I've been thinking a lot about King's Quest lately.
My most recent bout of Sierra nostalgia is likely due to having met a merchant at a comic con selling shadowboxes and prints of classic 8-bit games, such as this piece of desktop art of the opening screen from King's Quest 1. Now this scene of verdant greens and waving flags calls out to me on a daily basis, beckoning me to delve deeper and learn its most difficult of secrets. No, not the location of the three treasures or even the name of the gnome (ifnkovhgroghprm), but the secrets of unraveling the Adventure Game Interpreter (AGI).
When King's Quest was first released in 1984, it was quite a progressive game for the time. Although I do not recall the exact details, it is quite possible that the first Sierra game I ever played was the original King's Quest back in the mid-1980s. Even thirty-some years later, I am still ferreting out new secrets from this game (e.g. Zombie Goat, Walk On Water, Walk Through Walls), however my interests now delve deeper than finding interesting quirks and easter eggs.
A couple days ago I was curious if it was possible to reverse engineer AGI, the game engine which ran fourteen of Sierra On-line's games in the 80s. The original game (and its various remakes) have held up fairly well over the years, but there are still a number of fun "what-if" type of ideas I would love to implement in the AGI version of the game. While I am not interested in recreating the entire game, I think it would be a fun exercise to be able to hack the game and make some custom edits to further build upon the 8-bit realm of Daventry.
One quick Google search revealed that there are quite a few resources on creating your own AGI game or inspecting original game resources. Many of the references and tools date back to the late 90s, but some of the content is still quite useful. One of the most interesting things I came across was Barry Harmsen's presentation Reverse Engineering 80s Sierra AGI Games. You can see the results of Barry's magnificent digital spelunking at the Twitter account @agistuff. Barry has written a number of Python scripts which can extract the data from the common components found in AGI games. However, he is not even the first person to write a series of programs to extract AGI resources. If you look through the various pages of the AGI specifications, there are quite a few contributors, especially Peter Kelly who wrote several programs, mostly in Pascal.
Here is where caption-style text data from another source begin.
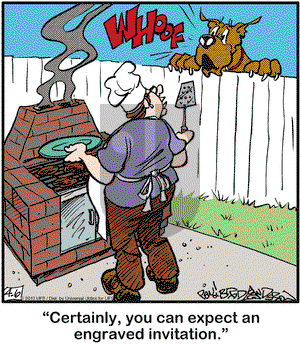Marmaduke on Saturday April 6, 2013 Comic Strip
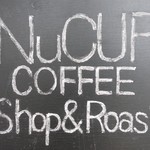 NuCUP COFFEE - 看板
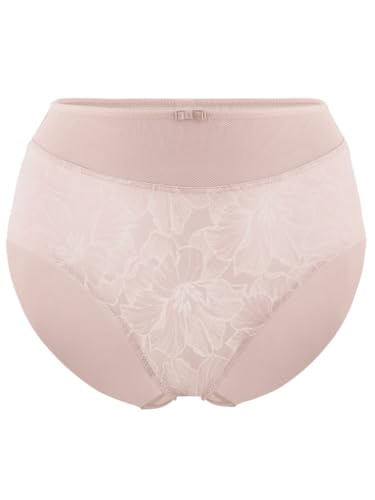 Felina Taillenslip 213288 Vision Bloom Light Taupe Bloom 42 im Sale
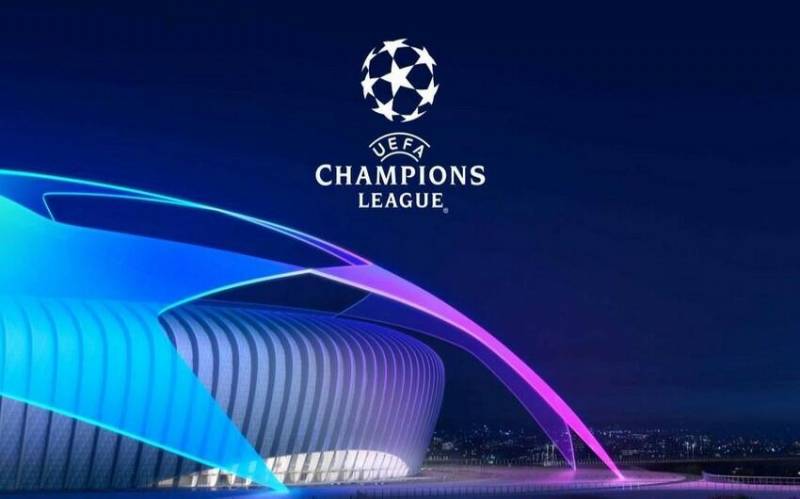 Çempionlar Liqasında sabahkı oyunlara hakim təyinatları
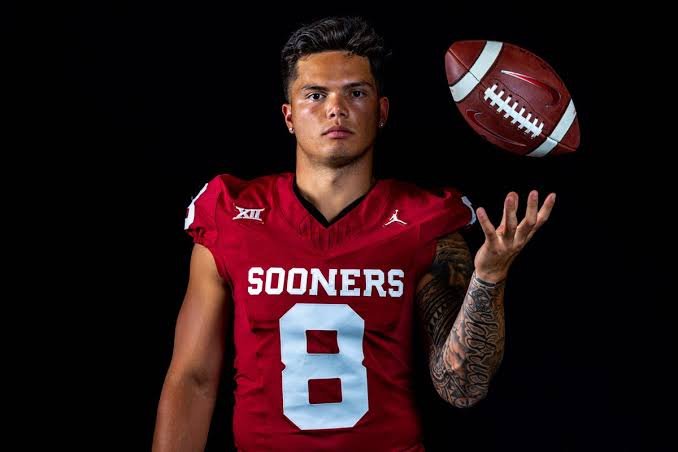 Dillon Gabriel: Is related to Roman Gabriel| Interception| Pick 6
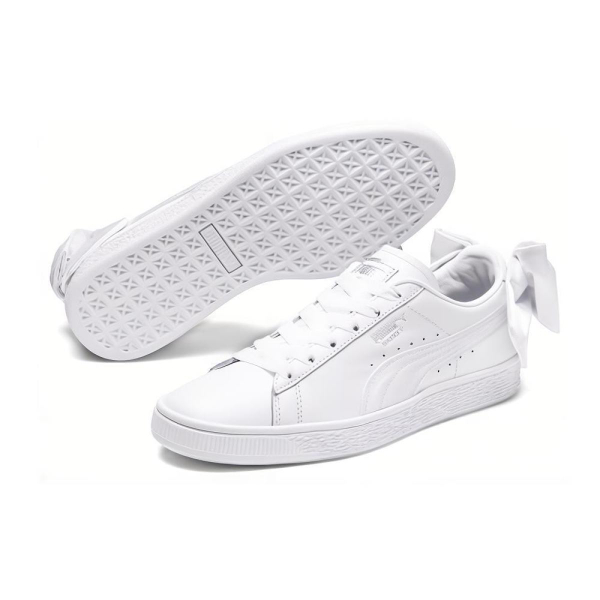 PUMA Basket Bow Triple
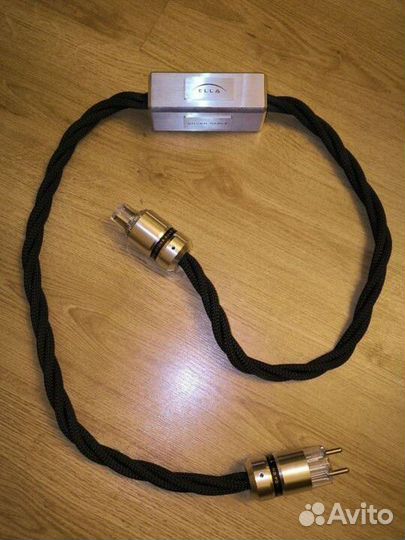 Кабель питания Ella audio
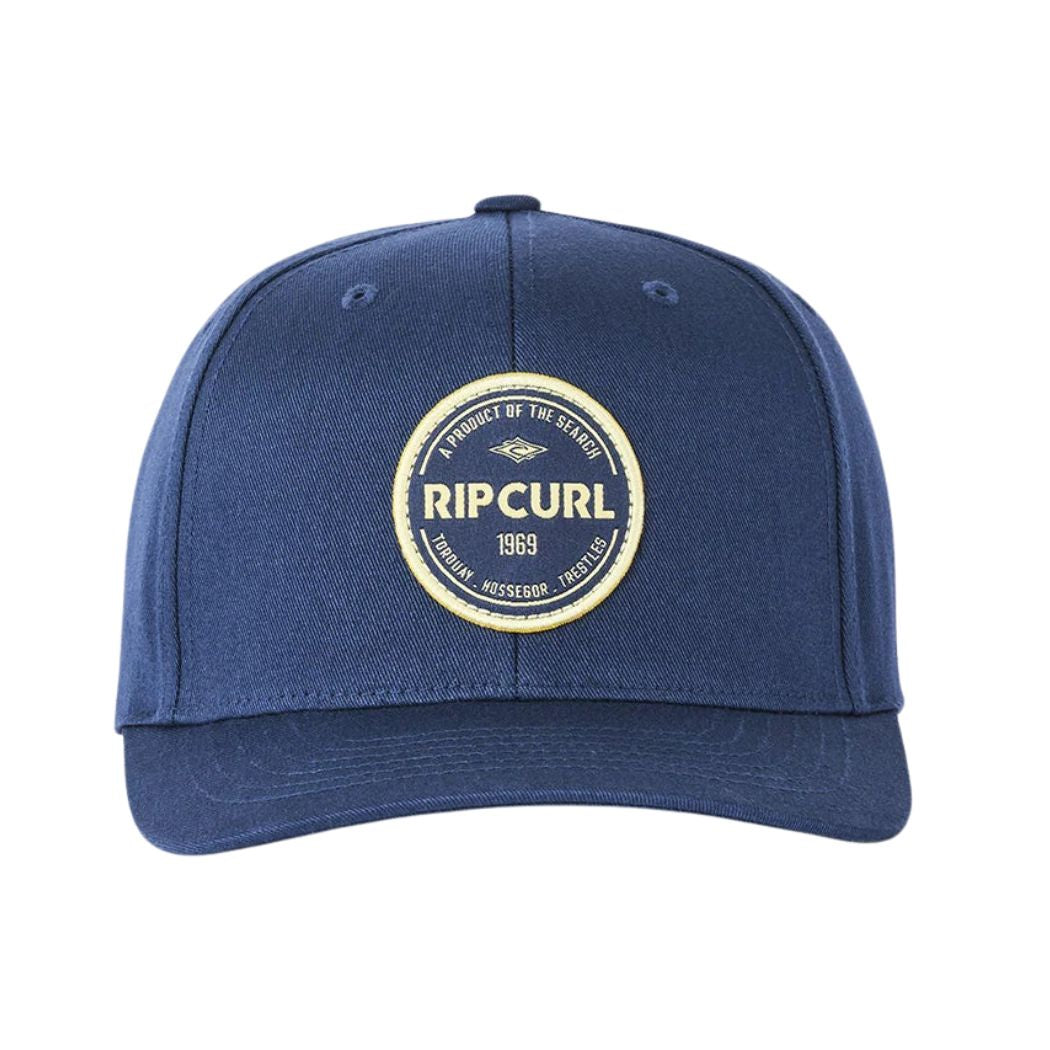 Rip Curl Stapler 2.0 Snapback Cap Light Navy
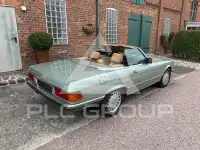 1987 Mercedes Benz SL 420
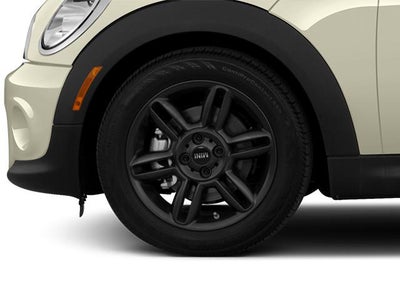 2014 MINI Cooper Convertible Base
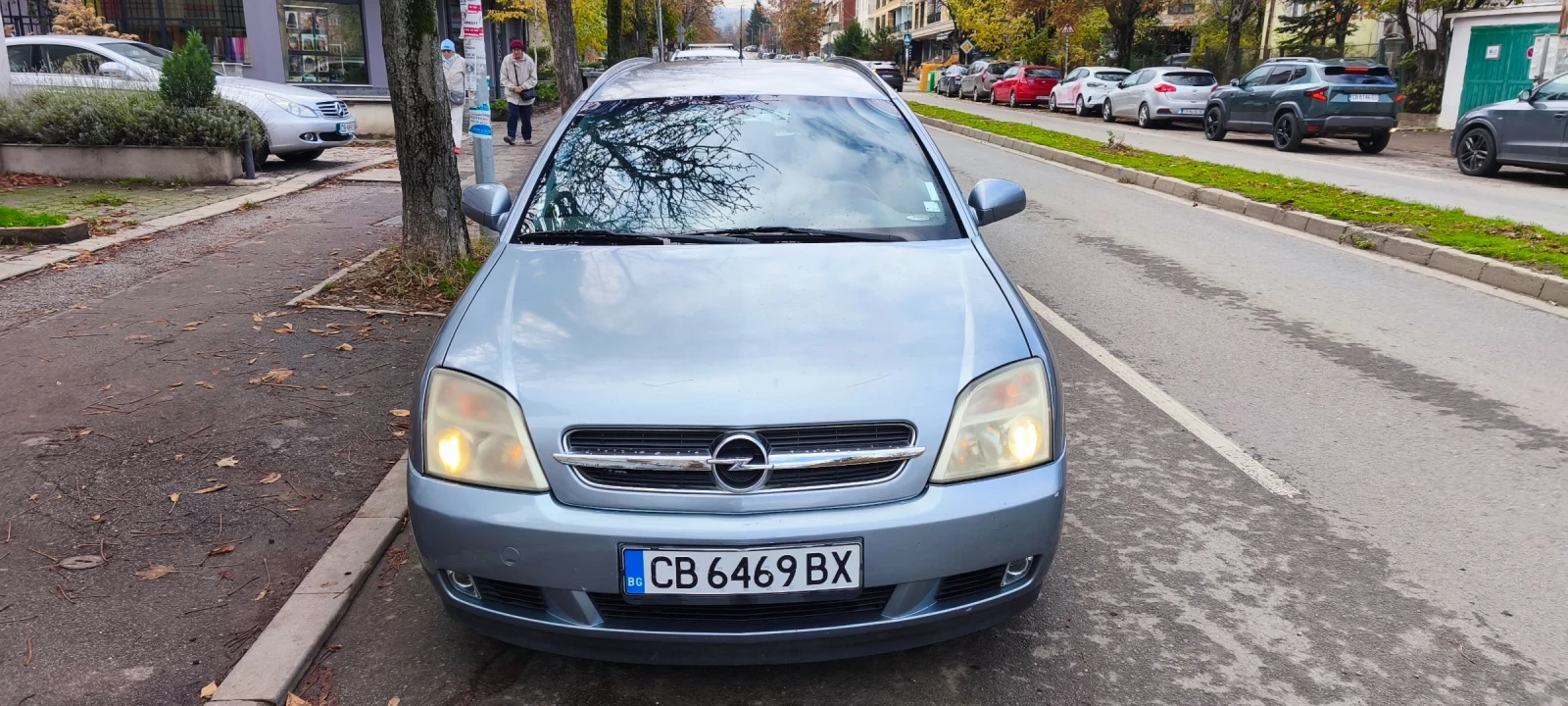 Opel Vectra 1.9D | Mobile.bg   2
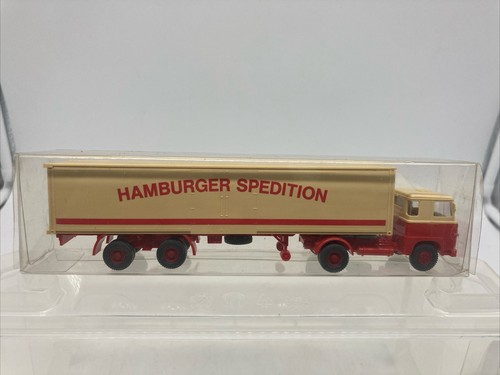 19611 wiking scania 111 - 19611/,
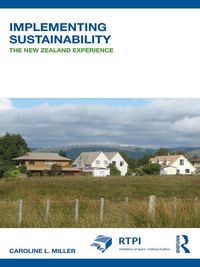 Produktbild: Implementing Sustainability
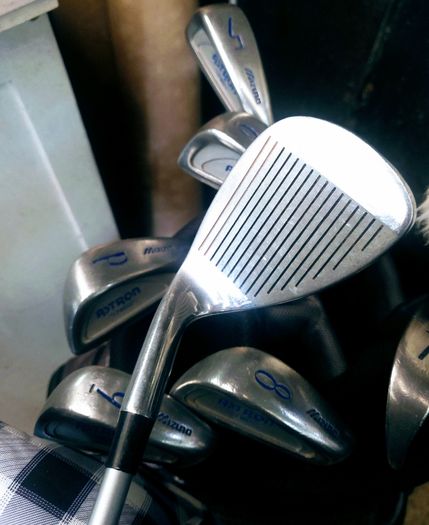 Set of Ladies Golf Clubs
It cannot be overstated how amazingly impressive the work is that has been put into figuring out how AGI worked. Inspired by the work previously done by Barry Harmsen and Peter Kelly, I wrote a small program in a mix of Objective-C and C which parses out the words in the WORDS.TOK
file and then saves the results into two files: a plain text file and a JSON-formatted file. I mostly followed Barry's Python example, but did take a couple bits of logic from Peter's Pascal code to get my own example working. The following is my code example I used to extract the words from the 1987 PC version of King's Quest 1.
This is just my initial dip into the AGI pool, and I hope to return to dive into it deeper. Many thanks go out to Barry Harmsen, Peter Kelly, Lance Ewing, Claudio Matsuoka, and everyone else in the AGI community. Another tip of the ol' adventuring cap goes out to the designers of AGI: Jeff Stephenson, Chris Iden, Sol Ackerman, Robert Heitman, and likely many more who had a hand in creating these Sierra classics. Some people programmed microcontrollers for traffic lights, others developed websites for now-defunct companies, but a few people have been lucky enough to have worked on a product which still garners people's attention even thirty years later. Well played. Well played, indeed.
21 July 2018 Update: I have added two more small programs to extract the directory structure and the inventory objects for AGI games. I am also compiling the extracted words and phrases from a number of the AGI games. The lists can be (*ahem*) interesting at times to see what words are recognized. In some games like KQ1 and SQ2, the programmers took the liberties to include their names as recognized phrases (Mikel Knight and Scott Murphy). KQ2 in particular has some unusual (and unusually naughty) terms, as the programmers took other liberties to slip in some not-so-innocent terms into the vernacular.
It is interesting to see how similar terms are grouped together so the game logic has an easier time understanding what is being intended. In King's Quest 2, a number of terms and names for female characters are grouped together. This means that Hagatha, Valanice, maiden, woman, grandma, mermaid, little red riding hood, girl, and hose bag are all equally recognized, even if the actual context in the game is not correct. So you can say kiss valanice
while in Hagatha's cave, or say marry hag
while in the Quartz Tower (probably not a good way to start off the marriage, Graham!).